Trump reviews Iran’s new proposal
Earlier, in a Truth Social post, the US President indicated that he would soon review Iran’s freshly delivered plan but cast serious doubt on its acceptability.
“I can’t imagine that it would be acceptable in that they have not yet paid a big enough price for what they have done to Humanity and the World, over the last 47 years,” he wrote.
Shortly after the post, Trump told reporters that he had not yet read the full document.
“No, I haven’t. I’m looking at it up here,” he added. He further stated that he would provide an update later.
Trump pushed back against suggestions he preferred no deal at all, clarifying he said, “I said that if we left right now, it would take them 20 years to rebuild. But we’re not leaving right now. We’re going to do it so nobody has to go back in 2 years or 5 years.”
Donald Trump also noted that Iranian intermediaries had briefed him on the deal’s concept and that the exact wording was forthcoming. He described progress on Iran talks as “doing very well” despite chaos in Tehran’s leadership. “They want to make a deal, they’re decimated. They’re having a hard time figuring out who their leader is,” he said.

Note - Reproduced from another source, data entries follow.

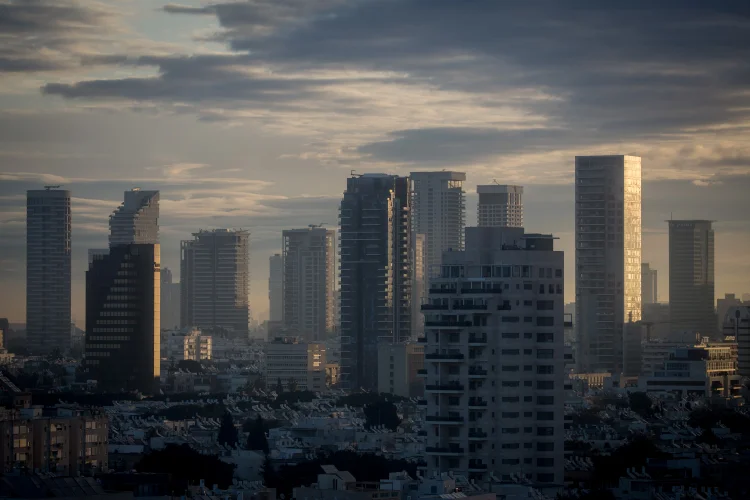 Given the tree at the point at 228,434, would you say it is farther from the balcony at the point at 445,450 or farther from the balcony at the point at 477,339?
the balcony at the point at 477,339

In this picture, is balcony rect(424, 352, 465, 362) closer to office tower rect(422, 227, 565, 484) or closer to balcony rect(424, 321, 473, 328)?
office tower rect(422, 227, 565, 484)

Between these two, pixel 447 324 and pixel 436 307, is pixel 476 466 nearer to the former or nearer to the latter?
pixel 447 324

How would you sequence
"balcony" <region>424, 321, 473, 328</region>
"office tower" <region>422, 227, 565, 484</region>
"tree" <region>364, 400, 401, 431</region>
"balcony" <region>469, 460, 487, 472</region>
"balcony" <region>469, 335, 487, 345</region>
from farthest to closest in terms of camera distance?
1. "tree" <region>364, 400, 401, 431</region>
2. "balcony" <region>469, 335, 487, 345</region>
3. "balcony" <region>424, 321, 473, 328</region>
4. "office tower" <region>422, 227, 565, 484</region>
5. "balcony" <region>469, 460, 487, 472</region>

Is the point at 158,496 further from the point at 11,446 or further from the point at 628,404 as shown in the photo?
the point at 628,404

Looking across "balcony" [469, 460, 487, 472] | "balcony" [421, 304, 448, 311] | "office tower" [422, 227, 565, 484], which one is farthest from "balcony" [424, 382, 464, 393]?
"balcony" [421, 304, 448, 311]

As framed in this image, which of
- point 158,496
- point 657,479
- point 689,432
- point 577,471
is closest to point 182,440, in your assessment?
point 689,432

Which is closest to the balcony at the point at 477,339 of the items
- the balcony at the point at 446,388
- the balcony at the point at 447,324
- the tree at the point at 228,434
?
the balcony at the point at 447,324

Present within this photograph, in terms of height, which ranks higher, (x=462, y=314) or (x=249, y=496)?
(x=462, y=314) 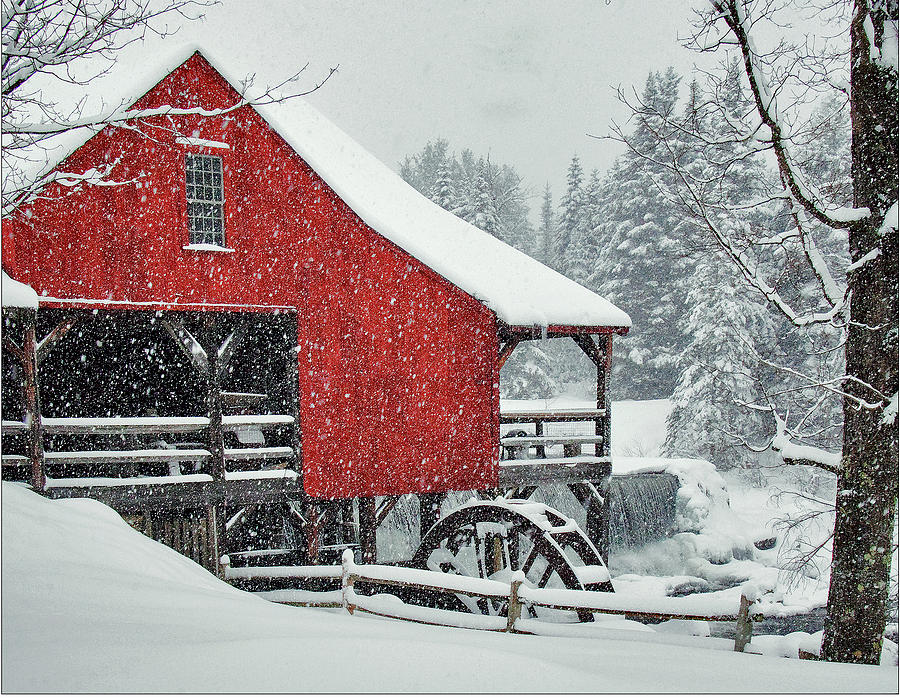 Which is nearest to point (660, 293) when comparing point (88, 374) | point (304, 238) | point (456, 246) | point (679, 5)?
point (456, 246)

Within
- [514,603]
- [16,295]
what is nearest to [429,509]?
[514,603]

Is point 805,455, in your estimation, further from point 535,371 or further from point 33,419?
point 535,371

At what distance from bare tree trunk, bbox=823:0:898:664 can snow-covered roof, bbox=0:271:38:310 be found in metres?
7.58

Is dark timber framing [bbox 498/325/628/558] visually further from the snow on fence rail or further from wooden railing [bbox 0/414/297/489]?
the snow on fence rail

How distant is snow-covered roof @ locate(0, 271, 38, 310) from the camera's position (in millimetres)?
7973

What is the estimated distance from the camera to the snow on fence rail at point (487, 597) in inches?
291

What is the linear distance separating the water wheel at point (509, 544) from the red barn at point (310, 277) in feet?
2.11

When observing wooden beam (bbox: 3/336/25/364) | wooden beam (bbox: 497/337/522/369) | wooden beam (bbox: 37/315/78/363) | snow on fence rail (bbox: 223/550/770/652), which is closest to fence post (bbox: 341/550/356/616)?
snow on fence rail (bbox: 223/550/770/652)

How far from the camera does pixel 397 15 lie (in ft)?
21.8

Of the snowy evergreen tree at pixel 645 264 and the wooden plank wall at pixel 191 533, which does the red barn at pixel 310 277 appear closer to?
the snowy evergreen tree at pixel 645 264

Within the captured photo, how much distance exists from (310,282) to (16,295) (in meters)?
4.09

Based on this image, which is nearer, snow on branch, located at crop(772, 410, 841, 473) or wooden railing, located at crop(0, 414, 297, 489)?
snow on branch, located at crop(772, 410, 841, 473)

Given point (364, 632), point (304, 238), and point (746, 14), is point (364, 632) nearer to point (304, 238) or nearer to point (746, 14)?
point (746, 14)

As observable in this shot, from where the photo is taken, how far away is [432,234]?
43.3ft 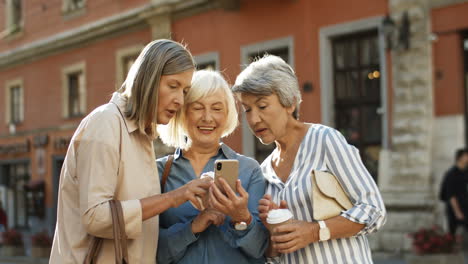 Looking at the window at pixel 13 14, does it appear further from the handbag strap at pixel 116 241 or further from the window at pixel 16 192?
the handbag strap at pixel 116 241

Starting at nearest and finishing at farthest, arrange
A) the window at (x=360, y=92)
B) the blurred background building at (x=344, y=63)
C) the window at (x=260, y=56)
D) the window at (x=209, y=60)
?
the blurred background building at (x=344, y=63)
the window at (x=360, y=92)
the window at (x=260, y=56)
the window at (x=209, y=60)

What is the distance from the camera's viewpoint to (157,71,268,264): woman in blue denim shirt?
3.32m

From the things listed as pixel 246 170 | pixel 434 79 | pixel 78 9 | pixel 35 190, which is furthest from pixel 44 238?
pixel 246 170

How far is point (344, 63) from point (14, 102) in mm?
15945

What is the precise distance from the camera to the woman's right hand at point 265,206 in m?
3.23

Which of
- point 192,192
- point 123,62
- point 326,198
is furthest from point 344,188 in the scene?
point 123,62

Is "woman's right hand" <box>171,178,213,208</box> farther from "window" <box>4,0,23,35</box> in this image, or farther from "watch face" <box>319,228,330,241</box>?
"window" <box>4,0,23,35</box>

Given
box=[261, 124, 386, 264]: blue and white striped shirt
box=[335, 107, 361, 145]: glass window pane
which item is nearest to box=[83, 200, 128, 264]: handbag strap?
box=[261, 124, 386, 264]: blue and white striped shirt

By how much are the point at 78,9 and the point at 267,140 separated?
20069 mm

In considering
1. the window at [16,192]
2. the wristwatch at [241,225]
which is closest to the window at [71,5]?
the window at [16,192]

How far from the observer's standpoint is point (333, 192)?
327 centimetres

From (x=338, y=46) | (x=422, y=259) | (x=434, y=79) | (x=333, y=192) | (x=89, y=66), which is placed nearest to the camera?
(x=333, y=192)

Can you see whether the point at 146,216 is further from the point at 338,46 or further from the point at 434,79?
the point at 338,46

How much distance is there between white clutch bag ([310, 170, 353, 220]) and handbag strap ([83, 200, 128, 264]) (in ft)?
2.90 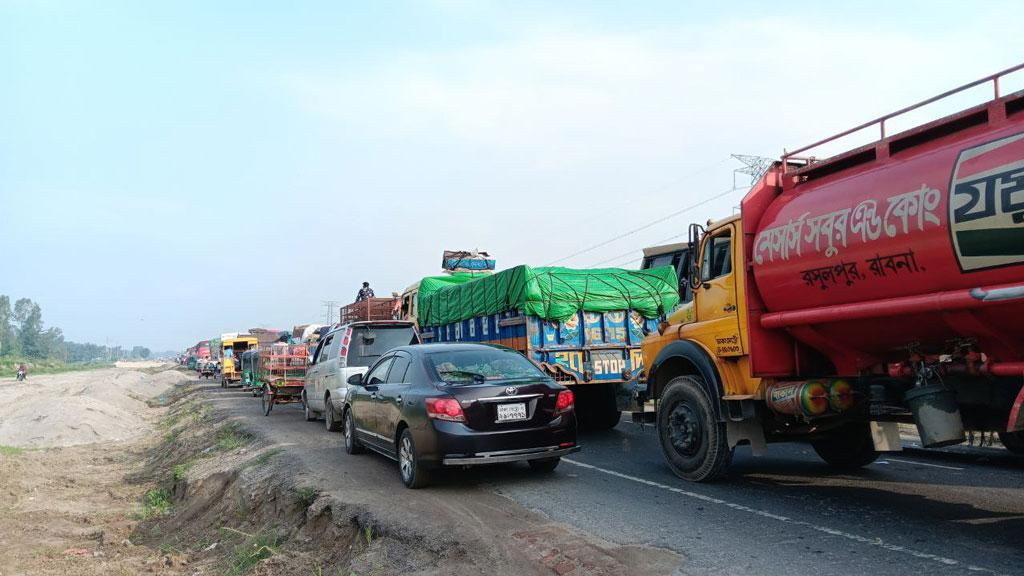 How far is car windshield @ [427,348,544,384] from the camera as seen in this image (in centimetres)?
770

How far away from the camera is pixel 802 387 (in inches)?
249

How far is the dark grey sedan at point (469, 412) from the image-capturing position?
710cm

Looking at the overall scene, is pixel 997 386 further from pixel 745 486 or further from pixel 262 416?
pixel 262 416

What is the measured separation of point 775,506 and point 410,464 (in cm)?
382

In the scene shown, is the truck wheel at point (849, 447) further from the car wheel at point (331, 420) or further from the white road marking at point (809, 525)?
the car wheel at point (331, 420)

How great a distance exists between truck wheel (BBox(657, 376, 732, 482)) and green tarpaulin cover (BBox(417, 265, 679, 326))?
3377 millimetres

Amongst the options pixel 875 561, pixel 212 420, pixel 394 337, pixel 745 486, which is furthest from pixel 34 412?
pixel 875 561

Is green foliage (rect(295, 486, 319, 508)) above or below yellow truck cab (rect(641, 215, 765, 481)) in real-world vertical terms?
below

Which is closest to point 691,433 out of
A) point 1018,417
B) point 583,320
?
point 1018,417

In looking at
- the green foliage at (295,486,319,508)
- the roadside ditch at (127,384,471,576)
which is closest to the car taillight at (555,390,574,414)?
the roadside ditch at (127,384,471,576)

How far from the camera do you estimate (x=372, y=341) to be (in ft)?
43.0

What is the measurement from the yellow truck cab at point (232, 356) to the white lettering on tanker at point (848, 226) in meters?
35.0

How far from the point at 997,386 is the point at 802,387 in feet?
5.24

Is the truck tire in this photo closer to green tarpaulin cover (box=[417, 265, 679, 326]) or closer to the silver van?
green tarpaulin cover (box=[417, 265, 679, 326]) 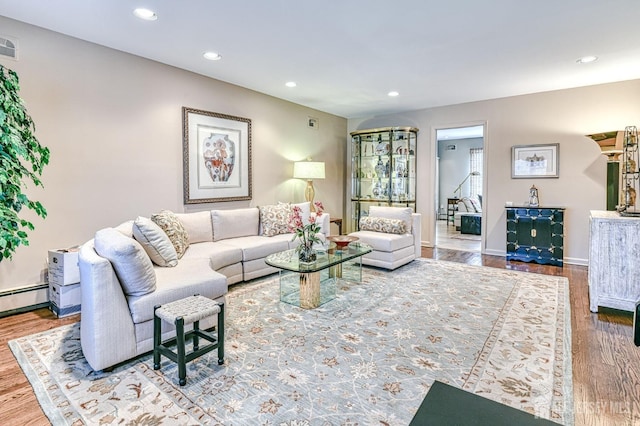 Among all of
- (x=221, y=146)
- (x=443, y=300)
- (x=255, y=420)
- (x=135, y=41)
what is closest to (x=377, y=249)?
(x=443, y=300)

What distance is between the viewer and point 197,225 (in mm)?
4168

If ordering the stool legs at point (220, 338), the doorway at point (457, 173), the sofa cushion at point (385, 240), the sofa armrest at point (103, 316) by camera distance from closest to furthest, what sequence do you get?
the sofa armrest at point (103, 316), the stool legs at point (220, 338), the sofa cushion at point (385, 240), the doorway at point (457, 173)

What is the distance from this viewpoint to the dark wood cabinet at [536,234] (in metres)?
5.02

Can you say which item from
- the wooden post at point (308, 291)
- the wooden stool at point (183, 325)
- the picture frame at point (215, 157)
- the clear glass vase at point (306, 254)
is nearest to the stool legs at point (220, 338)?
the wooden stool at point (183, 325)

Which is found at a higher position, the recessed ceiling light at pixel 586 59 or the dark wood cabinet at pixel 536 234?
the recessed ceiling light at pixel 586 59

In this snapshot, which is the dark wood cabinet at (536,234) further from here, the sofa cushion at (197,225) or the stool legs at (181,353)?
the stool legs at (181,353)

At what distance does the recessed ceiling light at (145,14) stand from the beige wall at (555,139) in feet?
16.0

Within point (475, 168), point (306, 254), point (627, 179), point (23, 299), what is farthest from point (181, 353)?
→ point (475, 168)

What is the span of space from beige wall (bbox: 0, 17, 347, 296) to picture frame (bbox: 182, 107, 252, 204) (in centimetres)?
10

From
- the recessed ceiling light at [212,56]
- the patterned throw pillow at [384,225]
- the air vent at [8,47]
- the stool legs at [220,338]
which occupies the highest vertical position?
the recessed ceiling light at [212,56]

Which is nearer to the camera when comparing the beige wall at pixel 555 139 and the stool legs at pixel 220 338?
the stool legs at pixel 220 338

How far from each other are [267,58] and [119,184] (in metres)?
2.13

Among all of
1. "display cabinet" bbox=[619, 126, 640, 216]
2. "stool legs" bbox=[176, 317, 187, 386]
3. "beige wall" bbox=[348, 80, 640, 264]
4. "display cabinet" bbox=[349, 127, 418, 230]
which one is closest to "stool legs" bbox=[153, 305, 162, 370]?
"stool legs" bbox=[176, 317, 187, 386]

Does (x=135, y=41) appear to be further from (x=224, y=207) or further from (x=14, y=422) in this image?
(x=14, y=422) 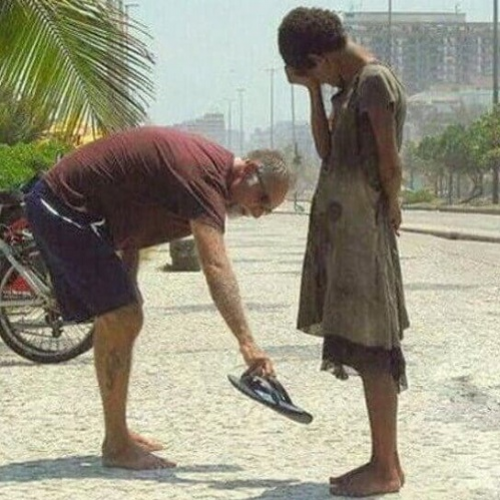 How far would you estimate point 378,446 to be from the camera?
5.84 m

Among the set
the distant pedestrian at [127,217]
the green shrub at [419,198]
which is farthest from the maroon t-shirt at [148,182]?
the green shrub at [419,198]

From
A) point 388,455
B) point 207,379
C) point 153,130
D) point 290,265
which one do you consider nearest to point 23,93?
point 207,379

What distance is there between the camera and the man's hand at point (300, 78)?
5.81 m

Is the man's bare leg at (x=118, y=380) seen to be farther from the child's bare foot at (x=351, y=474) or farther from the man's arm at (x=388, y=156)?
the man's arm at (x=388, y=156)

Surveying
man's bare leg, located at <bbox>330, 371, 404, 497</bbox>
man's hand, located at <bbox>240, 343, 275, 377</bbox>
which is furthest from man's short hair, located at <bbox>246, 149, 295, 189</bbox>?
man's bare leg, located at <bbox>330, 371, 404, 497</bbox>

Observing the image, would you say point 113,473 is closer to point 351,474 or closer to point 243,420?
point 351,474

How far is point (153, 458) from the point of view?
6.45 meters

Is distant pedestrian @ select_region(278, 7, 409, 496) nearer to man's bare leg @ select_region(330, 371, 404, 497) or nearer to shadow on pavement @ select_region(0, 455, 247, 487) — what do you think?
man's bare leg @ select_region(330, 371, 404, 497)

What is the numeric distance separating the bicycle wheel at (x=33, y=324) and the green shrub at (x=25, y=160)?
4.76m

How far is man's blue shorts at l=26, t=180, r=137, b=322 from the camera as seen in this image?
20.5ft

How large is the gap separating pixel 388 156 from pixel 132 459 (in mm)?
1688

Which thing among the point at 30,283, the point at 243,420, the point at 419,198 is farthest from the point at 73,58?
the point at 419,198

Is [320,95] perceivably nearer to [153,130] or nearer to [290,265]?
[153,130]

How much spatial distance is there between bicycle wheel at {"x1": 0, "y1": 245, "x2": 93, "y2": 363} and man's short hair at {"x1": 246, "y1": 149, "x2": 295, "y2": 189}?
3.68 metres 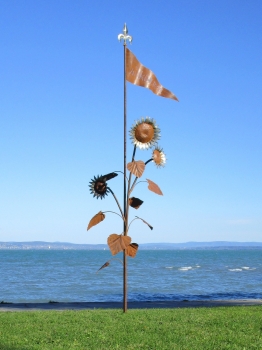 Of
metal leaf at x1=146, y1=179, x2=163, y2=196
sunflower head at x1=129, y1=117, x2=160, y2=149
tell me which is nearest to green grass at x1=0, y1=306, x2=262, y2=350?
metal leaf at x1=146, y1=179, x2=163, y2=196

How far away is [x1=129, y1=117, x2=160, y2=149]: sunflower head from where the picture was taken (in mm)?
10539

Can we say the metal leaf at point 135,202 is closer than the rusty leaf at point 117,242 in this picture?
No

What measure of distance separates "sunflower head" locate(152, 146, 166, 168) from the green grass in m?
3.25

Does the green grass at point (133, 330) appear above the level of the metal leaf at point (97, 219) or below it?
below

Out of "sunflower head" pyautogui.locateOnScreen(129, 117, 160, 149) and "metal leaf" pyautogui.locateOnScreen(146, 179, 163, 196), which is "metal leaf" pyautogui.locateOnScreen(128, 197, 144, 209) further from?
"sunflower head" pyautogui.locateOnScreen(129, 117, 160, 149)

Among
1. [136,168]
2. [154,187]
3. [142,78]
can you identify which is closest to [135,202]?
[154,187]

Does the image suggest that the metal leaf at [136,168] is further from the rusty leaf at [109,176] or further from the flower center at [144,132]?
the flower center at [144,132]

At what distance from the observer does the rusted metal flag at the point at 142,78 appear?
10.7m

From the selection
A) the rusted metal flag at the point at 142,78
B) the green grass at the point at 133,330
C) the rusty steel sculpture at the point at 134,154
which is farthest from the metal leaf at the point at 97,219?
the rusted metal flag at the point at 142,78

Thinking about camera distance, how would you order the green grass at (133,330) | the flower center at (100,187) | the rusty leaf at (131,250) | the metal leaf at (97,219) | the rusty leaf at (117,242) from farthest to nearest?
the metal leaf at (97,219) → the flower center at (100,187) → the rusty leaf at (131,250) → the rusty leaf at (117,242) → the green grass at (133,330)

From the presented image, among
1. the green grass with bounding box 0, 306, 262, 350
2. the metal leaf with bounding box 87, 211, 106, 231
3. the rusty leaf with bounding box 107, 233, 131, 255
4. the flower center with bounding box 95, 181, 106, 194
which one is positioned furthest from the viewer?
the metal leaf with bounding box 87, 211, 106, 231

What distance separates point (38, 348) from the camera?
7.51 metres

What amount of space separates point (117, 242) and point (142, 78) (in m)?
3.55

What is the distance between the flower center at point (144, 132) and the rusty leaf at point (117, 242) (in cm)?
209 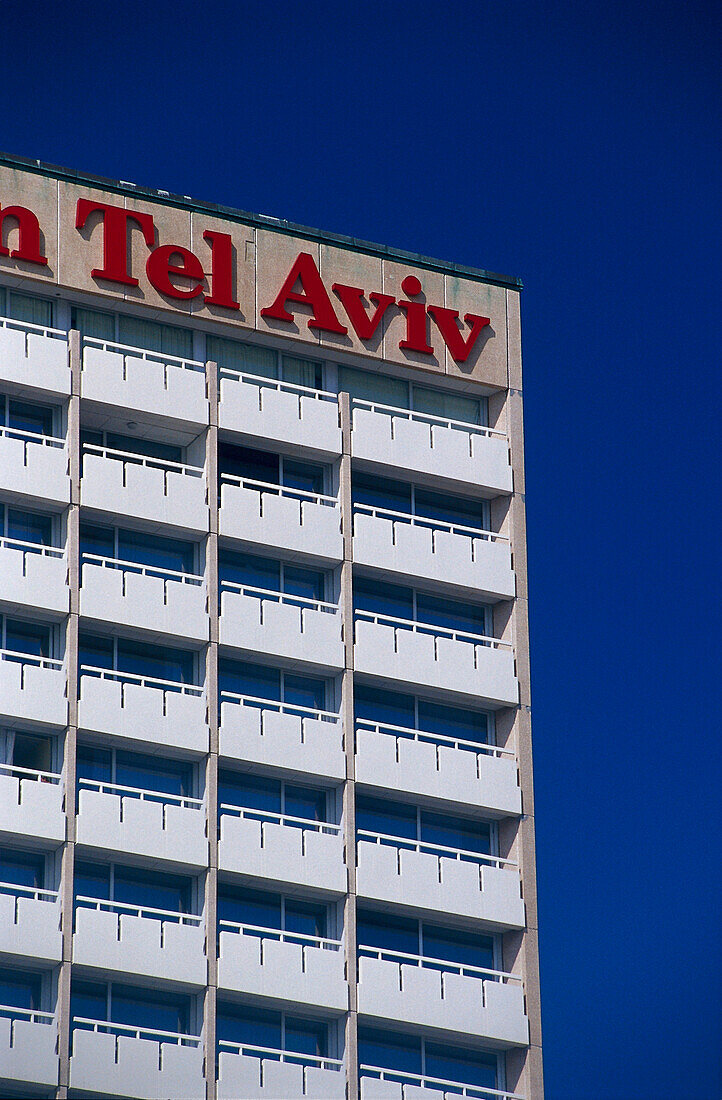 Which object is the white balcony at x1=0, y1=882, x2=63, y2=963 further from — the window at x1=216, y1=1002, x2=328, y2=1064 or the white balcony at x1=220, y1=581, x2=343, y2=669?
the white balcony at x1=220, y1=581, x2=343, y2=669

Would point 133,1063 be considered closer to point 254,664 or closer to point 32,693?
point 32,693

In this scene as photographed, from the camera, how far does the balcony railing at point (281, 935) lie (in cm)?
9200

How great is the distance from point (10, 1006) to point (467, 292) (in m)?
29.8

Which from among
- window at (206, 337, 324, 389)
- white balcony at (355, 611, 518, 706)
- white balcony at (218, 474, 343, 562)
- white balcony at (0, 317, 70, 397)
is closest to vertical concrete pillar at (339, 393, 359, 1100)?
white balcony at (218, 474, 343, 562)

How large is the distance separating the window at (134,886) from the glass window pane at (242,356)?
17.3 m

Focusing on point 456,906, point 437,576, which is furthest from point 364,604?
point 456,906

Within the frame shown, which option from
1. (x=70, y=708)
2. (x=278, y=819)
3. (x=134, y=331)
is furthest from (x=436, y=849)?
(x=134, y=331)

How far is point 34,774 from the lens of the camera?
90.8 metres

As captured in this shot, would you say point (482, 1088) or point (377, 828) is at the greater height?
point (377, 828)

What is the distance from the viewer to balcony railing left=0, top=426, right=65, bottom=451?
9450cm

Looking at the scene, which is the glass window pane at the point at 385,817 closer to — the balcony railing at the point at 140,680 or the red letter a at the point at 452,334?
the balcony railing at the point at 140,680

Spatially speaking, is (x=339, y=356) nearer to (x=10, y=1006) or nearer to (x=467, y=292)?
(x=467, y=292)

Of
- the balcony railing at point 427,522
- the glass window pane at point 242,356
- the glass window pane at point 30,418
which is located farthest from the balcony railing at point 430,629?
the glass window pane at point 30,418

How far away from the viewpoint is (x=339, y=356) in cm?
10050
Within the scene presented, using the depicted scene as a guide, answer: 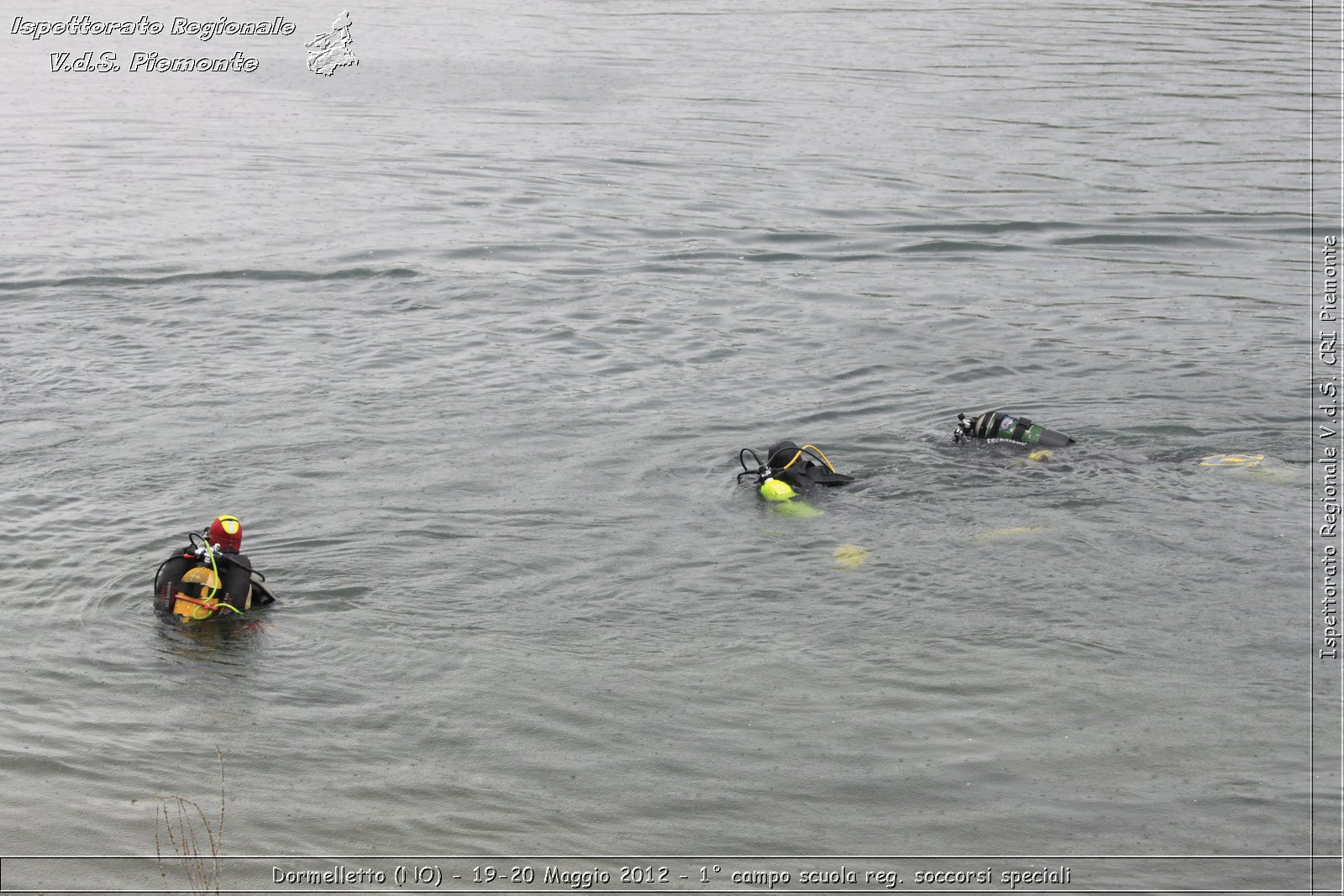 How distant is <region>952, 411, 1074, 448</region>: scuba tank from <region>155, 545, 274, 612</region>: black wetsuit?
6.09 metres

Iran’s new 14-point framework
Iran submitted the new 14-point proposal via Pakistan, as the mediator, in response to an earlier US nine-point plan that reportedly included a two-month ceasefire timeline.
Tehran rejected any prolonged interim arrangement and instead asserted on a comprehensive, permanent “end to the war” within 30 days.
Key elements of Iran’s proposal, according to Tasnim News Agency, include:
- Firm security guarantees that would prohibit any future military aggression against Iran
- The withdrawal of United States forces from its “surrounding environment.”
- Lifting of existing naval restrictions and blockades,
- The release of frozen Iranian assets held abroad
- Compensation for damages Iran attributes to sanctions and military pressure.
- Economically, the plan demands the full removal of all US and international sanctions imposed on Iran.
- Regionally, the proposal extends beyond Iran-US tensions and calls for an end to what it describes as “war on all fronts”, explicitly including conflict dynamics involving Lebanon.
- The establishment of a new governing mechanism for the Strait of Hormuz, a critical global oil transit chokepoint, aimed at ensuring stability and uninterrupted maritime flow.
Iran now awaits an official response from Washington, the report further added.